Stormwater enters the smaller, upper (farthest from Deer Creek) of the two basins, on the Baptist church’s property, which was rebuilt to have sand and rock layers below the planted vegetation and serves as a bio-retention area, filtering as much of the pollutants as possible from the collected stormwater.
The water that remains flows, as a creek, to the larger basin on the Presbyterian property. Part of the system is a tidal salt marsh, flooded regularly by water from the creek, which connects to Bogue Sound. The goal, eventually, is to improve the water quality in Deer Creek and preserve the nearly pristine quality of that section of western Bogue Sound.
Dr. Weaver said other than the erosion caused by the pipe failure, the project has succeeded, with growth of the marsh vegetation perhaps even exceeding expectations.
“It’s been great,” she said of the growth. “And it has been working as it is supposed to.”
There are plenty of fish in the system, plus crabs, turtles and birds.
Mr.
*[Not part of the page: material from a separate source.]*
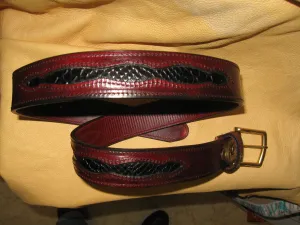 Reptile Print Latigo Leather Belt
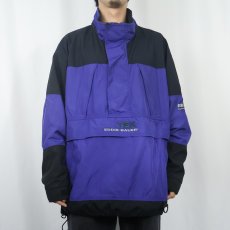 画像2: 90's Eddie Bauer EBTEK ロゴ刺繍  ナイロンアノラックパーカー L (2)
Ritchie, however, called it “a failure.” He insisted the silt is new, and said the federation should remove it.
Mr. Miller, however, said last week that the overall project actually averted a disaster for the creek.
“We removed more than 400 dump truck loads of silt and muck out of the ponds to create the salt marsh and wetlands that now exist on the original stream bed,” he said.
“If a storm ever washed over the road, and let this massive amount of silt escape, that would have been a real catastrophe for the creek downstream.
“We discovered that the old concrete pipe between the ponds had been placed on wood decades ago, and that wood had rotted away and caused the pipe to fail,” Mr. Miller said.
“That has now been corrected with a new pipe, properly embedded on rock, and an emergency spillway as insurance, given all the new development that has occurred upstream since the original ponds were built.”